Biography of Janis Joplin with Acknowledgements
Jimmy Johnson head coach of “America's team”
was mercilessly cruel to her
she struggled socially — wudn’t much to look at
they will tell you this, but,
what you won’t learn is she had no taste for boys
who played any kinda sports
and this wouldn’t stand in Port Arthur so she headed to Baton Rouge
she appreciated a man of faith or maybe one
who was kind to wounded animals and hideous things
I suppose famously that was Bobby McGee
and even he would leave punching the mezzo rasp
fu-ther down her throat
sources won’t claim that once
she stretched her thin lips into a smile
squinted her small eyes and
decided she would ask Philip to the prom
like a girl and not an ugly girl
like someone who could ask those types of questions
before she was singing at Woodstock and skinny
before she was twenty-seven and then dead
Philip who couldn’t throw a football as far as he could shit
would not be the one man who was good to her one woman
he would find another bohemian lady
and have three boys who’d never root for the Cowboys
he’d settle in a small cabin between the hairs of the signal forest
his only granddaughter the second coming of ugly girls
with fat tufts of brown hair and bucked teeth
would ask what did he say to the Janis Joplin?
“I told her I’d rather get lost in the woods,”
Mercedes Hawks: ‘Braless Back’; ‘Horse Girl Winter’; ‘How Girls Fight’

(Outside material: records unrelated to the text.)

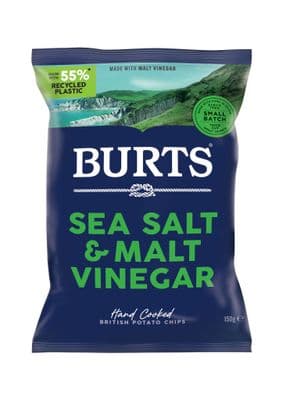 Burts Crisps Sharing Bags Sea Salt & Malt Vinegar 10 x 150g Dated 09/03/26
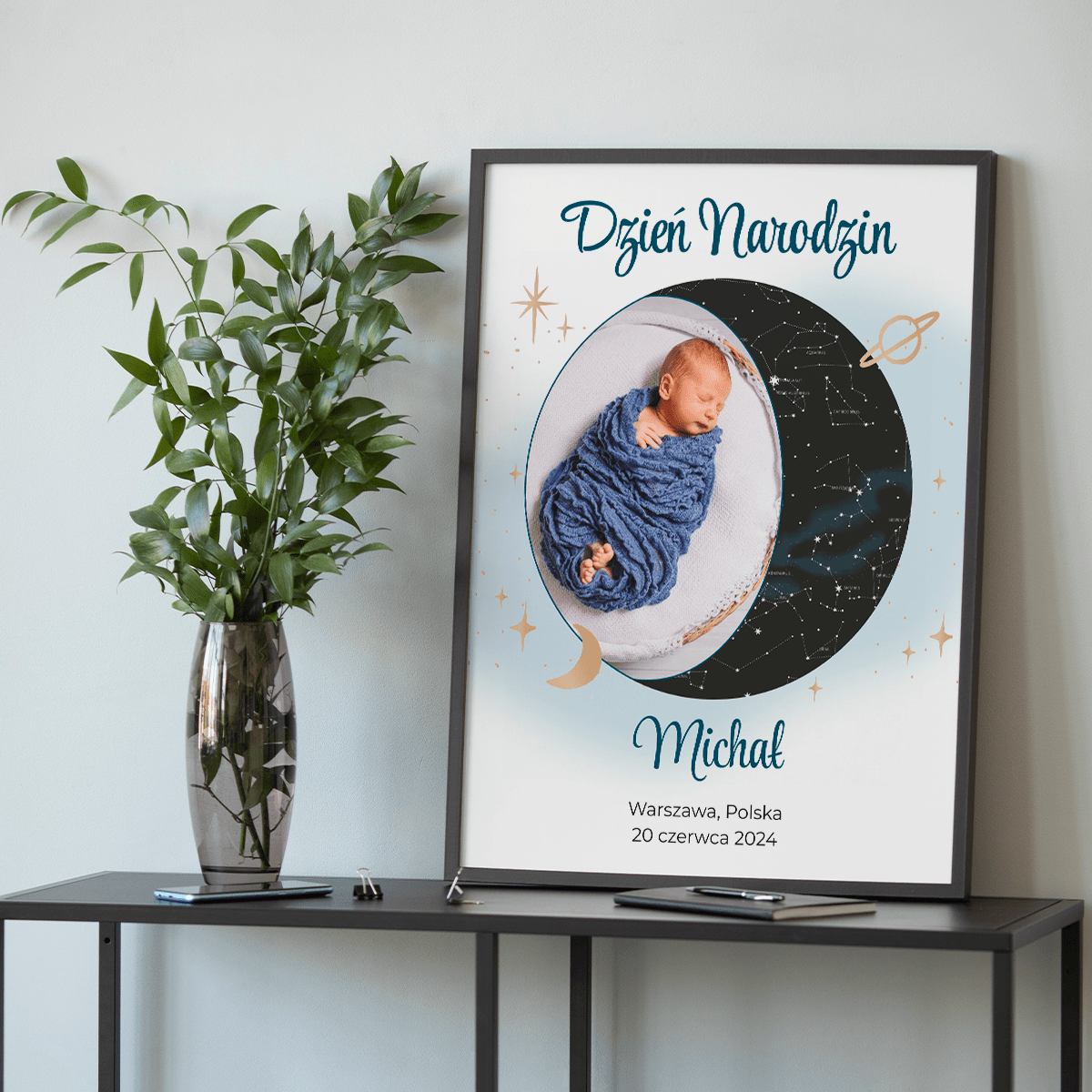 Dzień narodzin - plakat, spersonalizowany prezent dla dziecka - idamell.com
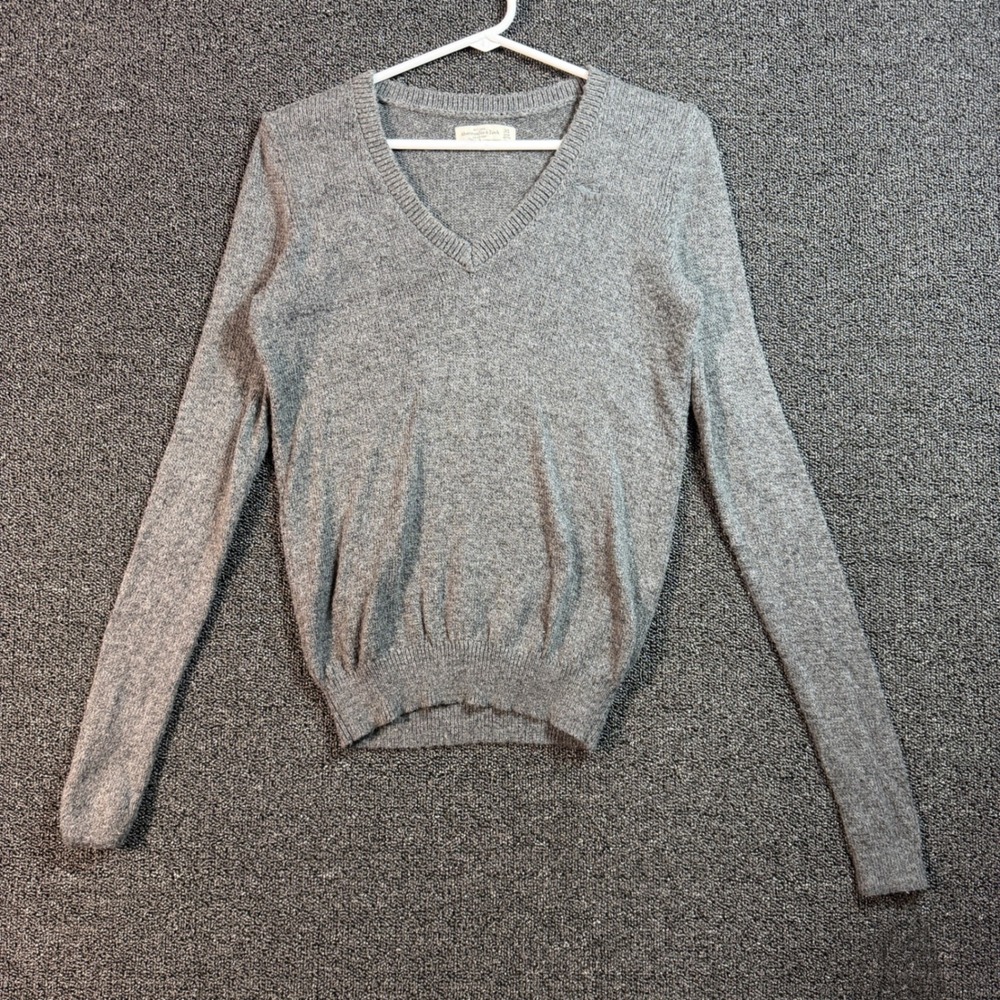 Abercrombie & Fitch Long Sleeve V-Neck Sweater Women's XS Grey Cotton Blend Y2K
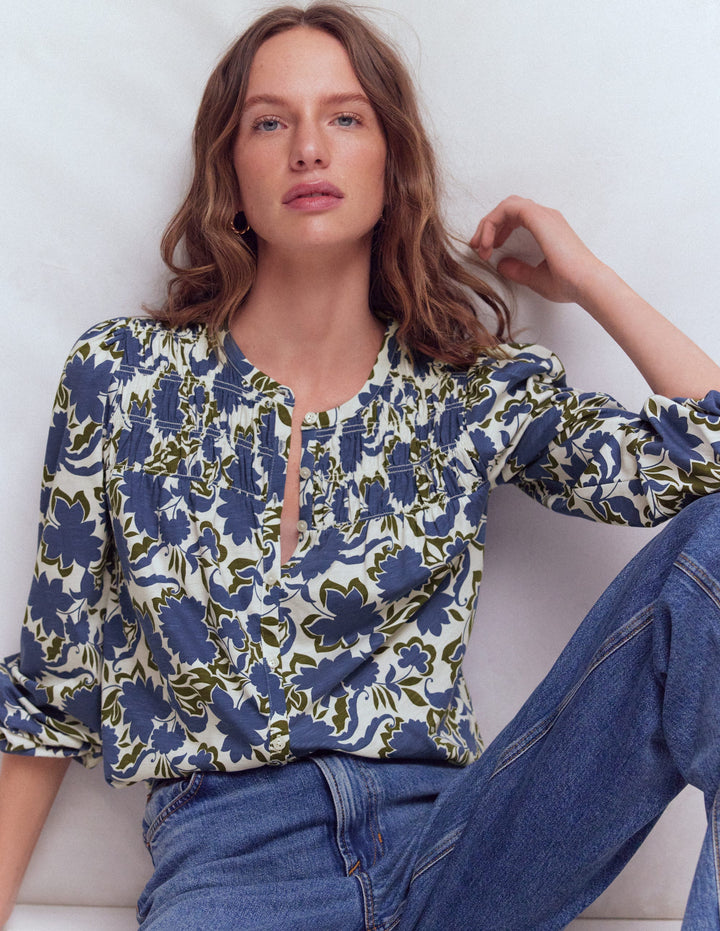 Mya Smocked Jersey Shirt-True Navy, Shadow Blossom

Mercedes Hawks is a poet from North Carolina. She attended Lees-McRae College earning her Bachelor of Arts in English with minors in creative writing and appalachian studies. She will attend Virginia Tech in August 2026 to pursue her MFA in creative writing. Her poetry focuses on the body and its animality, Appalachia, and its forgiveness. She weaves the suffering into beauty, reeling in the sun to carry her back and forth between mouth and limb.
Braless Back
I unclasp my bra
hook by hook––
North Carolina,
Virginia,
West Virginia,
Tennessee––
lineage caught
between band
like clothespins
of white linen
that fall
below one
slab of wood,
and when
my straps slip
from region,
blades of shoulder
become tent graves
over the dead
while my upright
being slouches
towards cellar
ground like some
broken mine shaft,
and the bra falls
to dirt; like magic,
I shed.
Horse Girl Winter
I dress myself
strangely on all
fours like a horse
in autumn and
the field has frost
for the first time,
I try to warn myself
that winter is coming
my mane wet, cold
but out here
whole things
are passing
like berry on
limb dried out
begging for sun
but what you see
is that I am dying
my clothes do not
fit properly and I am
a wild girl trying
to behave
in wind that makes
me buckle my hooves
to kneel – all hope
is happening
between berry
and horse and girl
and forthcoming
winter but sometimes
there is a hand on
my muzzle like
a small sun that
tells me everything
must die to come back
again, and I am
the waning winter
mare bending under
a fence for God.
How Girls Fight
–– a piece written for Hurricane Helene
Huh-LEEN
or
HELL-een
you are still a baby
in my speaking mouth
and I do not know
your shape or
mammoth eye
who lives with
sea before
bass trout
but you swell
in, to never recede,
and you lay
power lines
down with
your y-shaped
tongue
who curves
the valley
with pan
looking for
gold beneath
quilts and
dug cellars
only to
find the gold
rush died before
your time and in
my jaws
I cannot kill
you because
we want in
the same
ways
I close you down
you open me up
and we are
girls
in the same
fighting
stream.
Sean Kyte: ‘Home Leads All Roads’; ‘Cradled in a Sunlit Appalachian Allée’; ‘Growing Up Where Dreams Always Remain’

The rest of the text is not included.